Ser cristão em tempos de violência

A misericórdia é o critério para entender o agir cristão. Ser cristão é “deixar de lado o ressentimento, a raiva, a violência e a vingança: não se ponha o sol sobre vossa ira (Ef 4, 26). Misericordiae Vultus, n. 9. A notícia do assassinato brutal do Padre Kazimierz Wojno (Padre Casimiro), durante assalto a igreja na Asa Norte N. S. da Saúde 702 Brasília, na noite deste sábado (21/09/2019), com requintes de crueldade (foi espancado, amarrado e estrangulado com um arame farpado enrolado no pescoço) horroriza, não só pelo ato em si que pode alcançar qualquer pessoa.

Mas porque revela uma sociedade conturbada, angustiada pela crescente desigualdade que a deixa desorientada em suas referências éticas e na possibilidade de respostas confiáveis no exercício oficial do sistema de segurança e justiça, nos dias em curso, também promotora de práticas violentas e redutoras da dignidade humana, das quais nem crianças são poupadas. A morte do padre Casimiro choca pelo contraste entre a sua vida de doação à causa da misericórdia e da promoção da paz.

O religioso havia celebrado uma missa no início da noite de sábado, às 18h30. Morreu no serviço de Deus e da partilha pastoral. Por isso, mais que deblaterar contra as causas de sua morte e de se deixar arrastar pelo ressentimento, pela raiva, pedindo mais violência e vingança, o infausto acontecimento nos convoca a refletir sobre o sentido de ser cristão em tempos tão conturbados.

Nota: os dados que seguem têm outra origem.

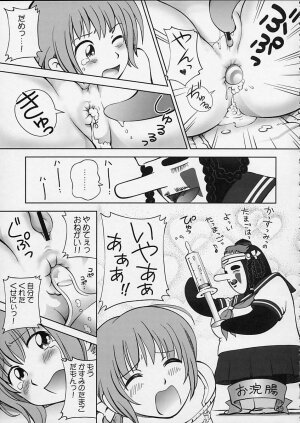 (C64) [OtakuLife JAPAN (Senke Kagero)] Sugoiyo!! Kasumi-chan 5 Dokkidoki ☆ Clone BABY Panic! (Dead or Alive) - Page 40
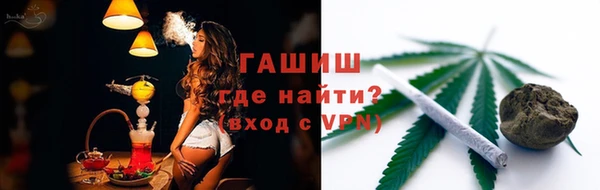 МДМА Коряжма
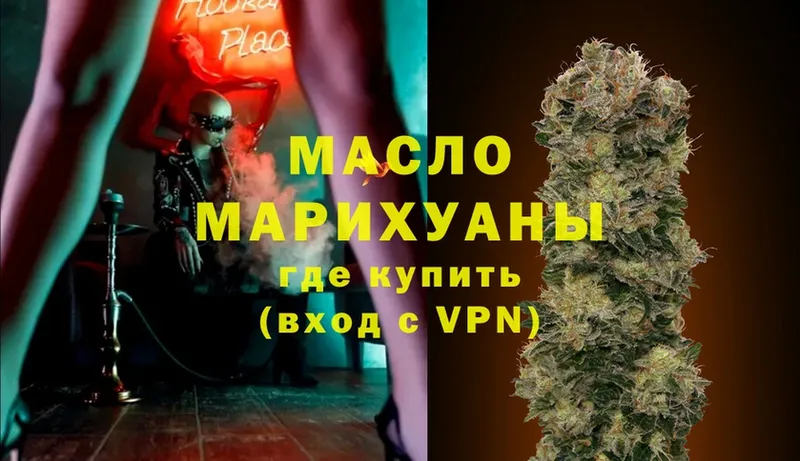 Дистиллят ТГК Wax  МЕГА вход  Высоковск 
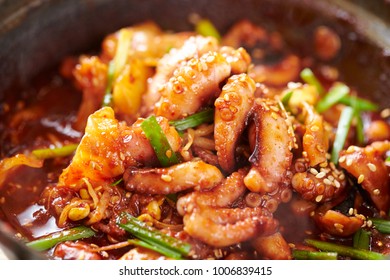 Korean Spicy Grilled Baby Octopus 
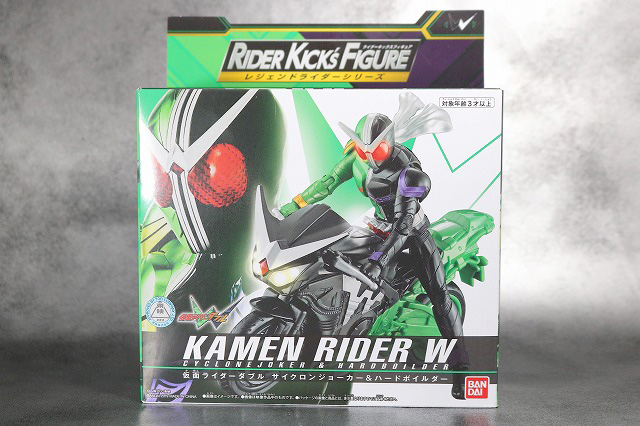 RKF　RIDER KICK'S FIGURE　仮面ライダーW サイクロンジョーカー　ハードボイルダー　レビュー　パッケージ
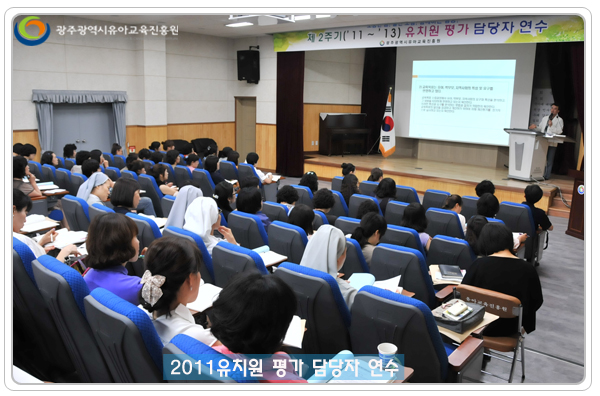 평가담당자연수7 사본.jpg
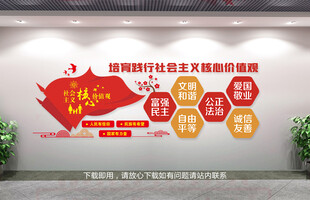 社会主义核心价值观文化墙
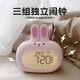 Compas Electronic Alarm Clock Wake Up Magic Cute Cartoon Electronic Clock Night Light Cute Rabbit Alarm Clock for Children Cherry Blossom Pink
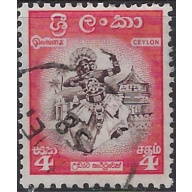 Ceylon 340 Used 1958 issue (ak7886)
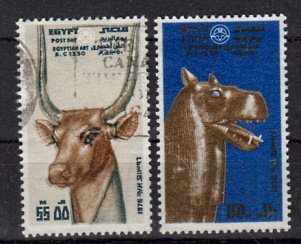 Briefmarken Ägypten 1214-15 o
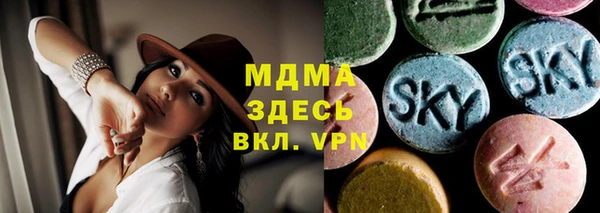 прущие крисы Дмитров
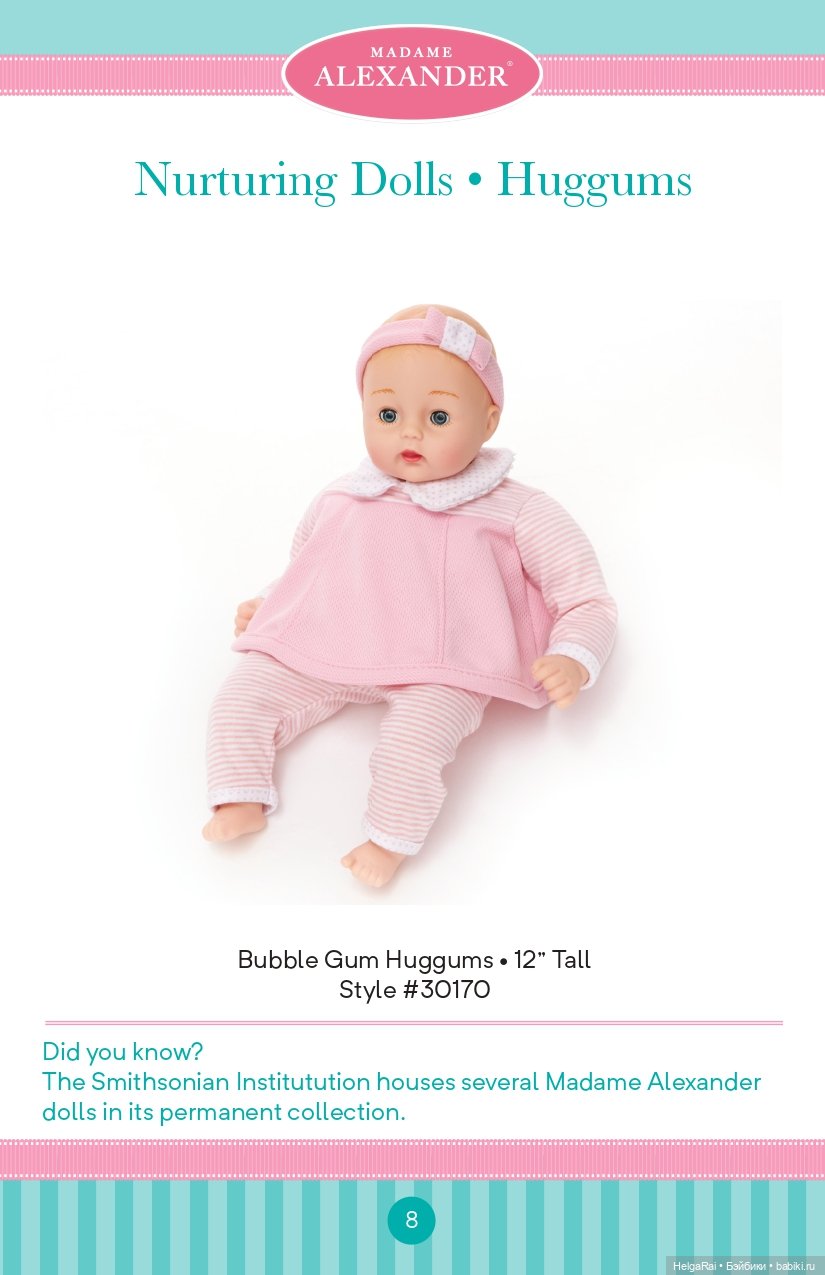 Каталог кукол Madame Alexander 2018 г (фото 8)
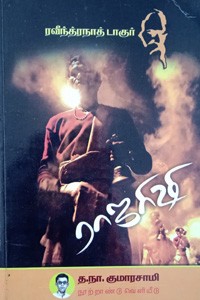 ராஜரிஷி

Precisamos lembrar que a violência que permeia as condições agônicas dos tempos que estamos vivendo, sim exige de nós termos melhor compreensão de suas raízes, dos fatores que a induzem, da propagação que muitas vezes a espetacularizam, no plano institucional e no plano societal, não é só resultado de exercícios de forças bélicas, de ódios, desigualdades e intolerâncias, de injustiças, de corrupção dos costumes e das políticas públicas, mas é também consequência de fragilidades aninhadas em nossos corações e em nosso modo de orientar a nossa ação no serviço da misericórdia.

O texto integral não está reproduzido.